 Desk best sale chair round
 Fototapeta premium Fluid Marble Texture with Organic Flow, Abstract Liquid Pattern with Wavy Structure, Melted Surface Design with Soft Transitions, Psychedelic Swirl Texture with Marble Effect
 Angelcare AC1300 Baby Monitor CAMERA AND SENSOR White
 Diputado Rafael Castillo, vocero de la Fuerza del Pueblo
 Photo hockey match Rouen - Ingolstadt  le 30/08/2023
...
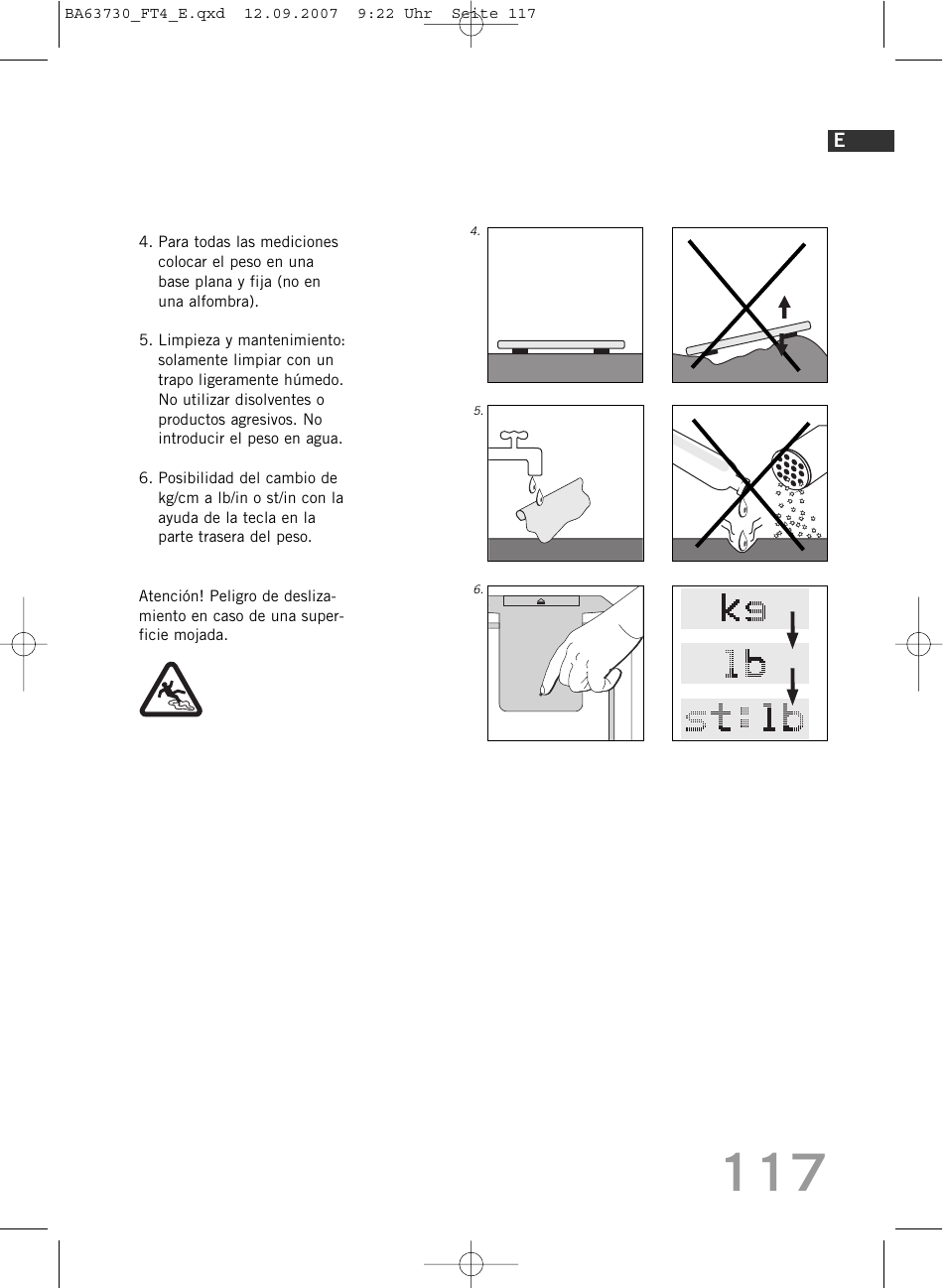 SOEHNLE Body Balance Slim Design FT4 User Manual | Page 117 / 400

**GOAL OF THE EXERCISE**
Return exactly, and only, the lines above starting at the line that contains "Desk best sale chair round" and ending at the line that contains "Photo hockey match".

**WRITTEN RESPONSE**
 Desk best sale chair round
 Fototapeta premium Fluid Marble Texture with Organic Flow, Abstract Liquid Pattern with Wavy Structure, Melted Surface Design with Soft Transitions, Psychedelic Swirl Texture with Marble Effect
 Angelcare AC1300 Baby Monitor CAMERA AND SENSOR White
 Diputado Rafael Castillo, vocero de la Fuerza del Pueblo
 Photo hockey match Rouen - Ingolstadt  le 30/08/2023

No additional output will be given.